A precisão das palavras da Sombra atingiu Renier como um golpe direto. Ela estava certa. Ele sabia, mais do que ninguém, que sua existência e missão estavam regidas por um propósito. Para ele, tudo tinha que ter significado; cada ação deveria ser parte de algo maior, algo que levasse ao equilíbrio. Agir sem propósito não era algo que ele pudesse compreender ou aceitar. Era contra a sua própria natureza.
Ele se ergueu, os músculos tensos, sua foice agora em mãos, irradiando um brilho azul intenso. Os Olhos das Revelações, sempre ao seu lado, começaram a brilhar com a mesma intensidade. O ar parecia pulsar ao redor deles, como se a pressão da realidade estivesse se distorcendo.
— Quem é você? — Renier indagou, sua voz carregada de raiva e desconfiança, enquanto seus olhos não saíam da Sombra. — Até agora, uma criatura chamada "Sombra" nunca demonstrou nada além de destruição.

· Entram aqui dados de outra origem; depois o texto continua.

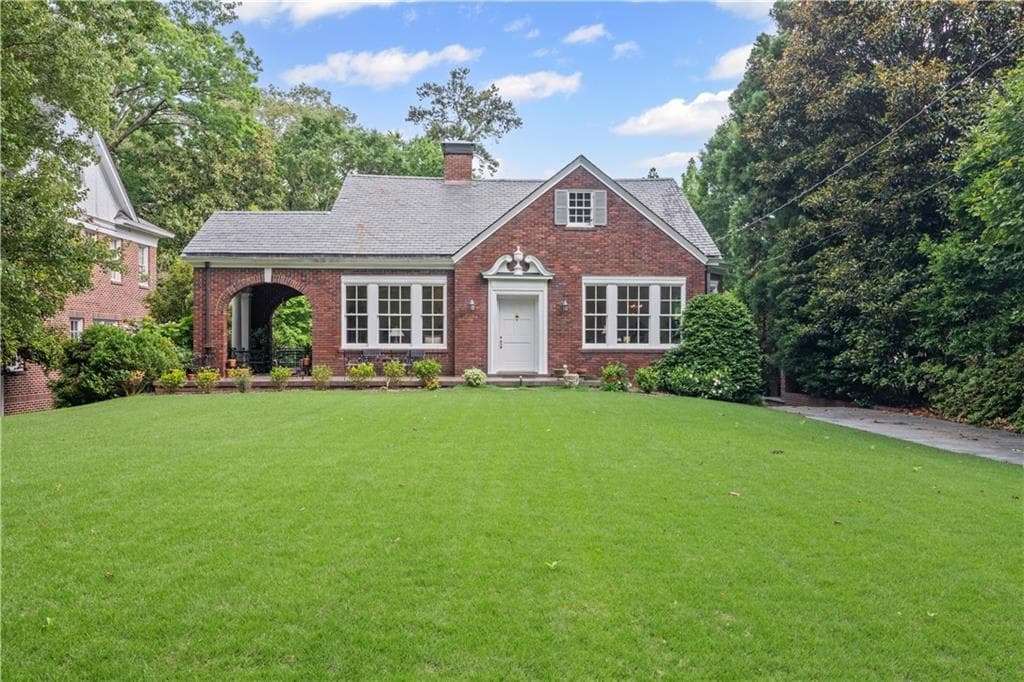 3 bedroom, 2 bathroom, 2,216 sq ft single family residence sold at 655 E Pelham Road, Atlanta, GA 30324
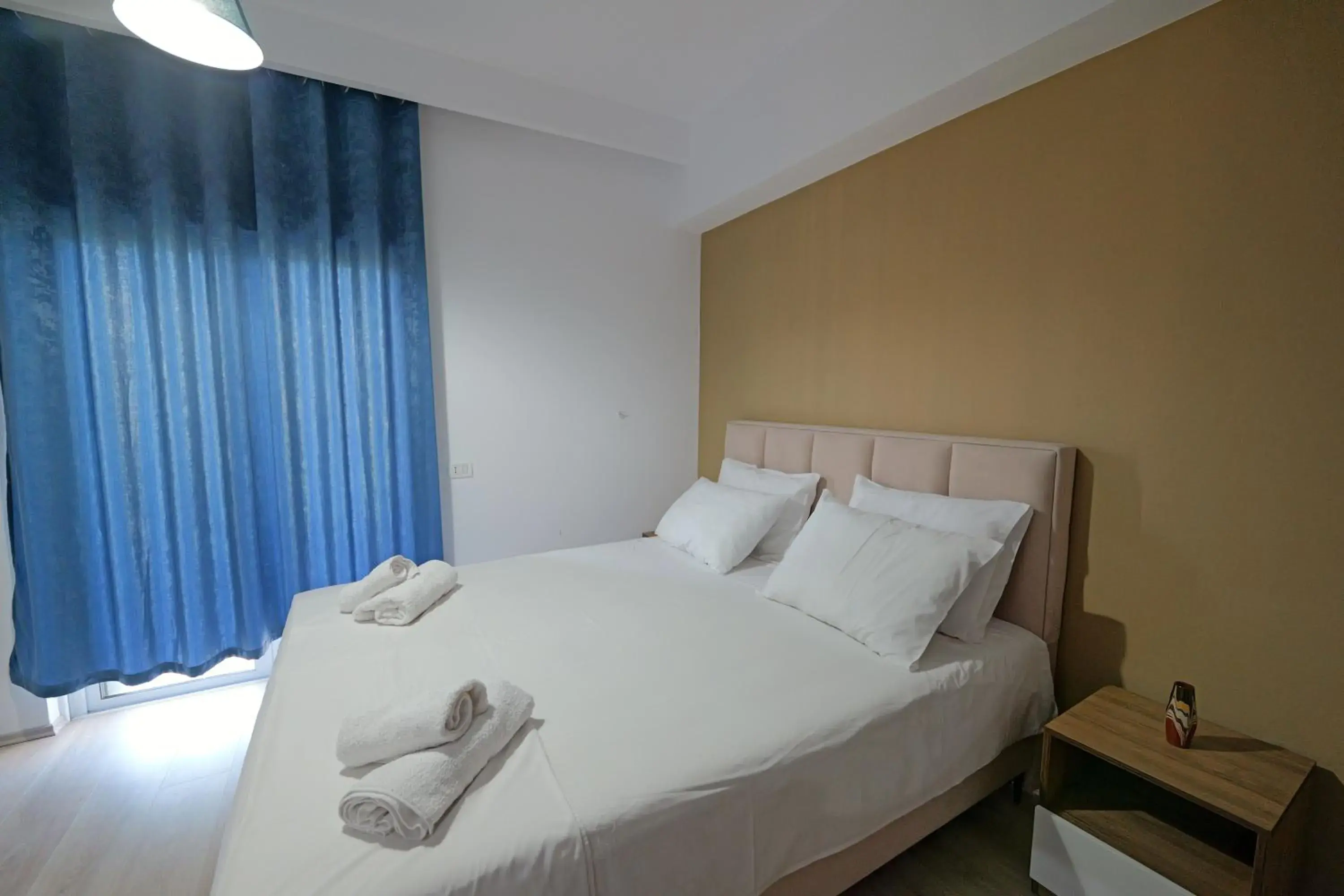 Double or Twin Room with Garden View in Hotel Holiday Double or Twin Room with Garden View in Hotel Holiday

Mas você... mostra interesse, ambição. Tem facilidade comigo, como se nos conhecêssemos, como se fôssemos... próximos. Você não é uma Sombra. Você é algo diferente. Então, responda. Quem é você?!
A risada da Sombra foi alta e cheia de satisfação, como se visse o labirinto mental de Renier se fechando em torno dele. Ela parecia se divertir com a confusão dele, mas logo parou, seu sorriso quase desdenhoso enquanto ela falava.
— Você entendeu rápido a diferença entre uma Sombra e algo superior a ela. — A Sombra disse, sua voz carregada de um tom de aprovação, como se estivesse elogiando a astúcia de Renier. — É uma honra conhecer o filho da Criação. Embora, na verdade, eu já o conhecesse. Sempre o senti. Sempre o vi. Sempre soube quem você é, Renier Kanemoto. Não tinha como eu não saber afinal ela o conhecia.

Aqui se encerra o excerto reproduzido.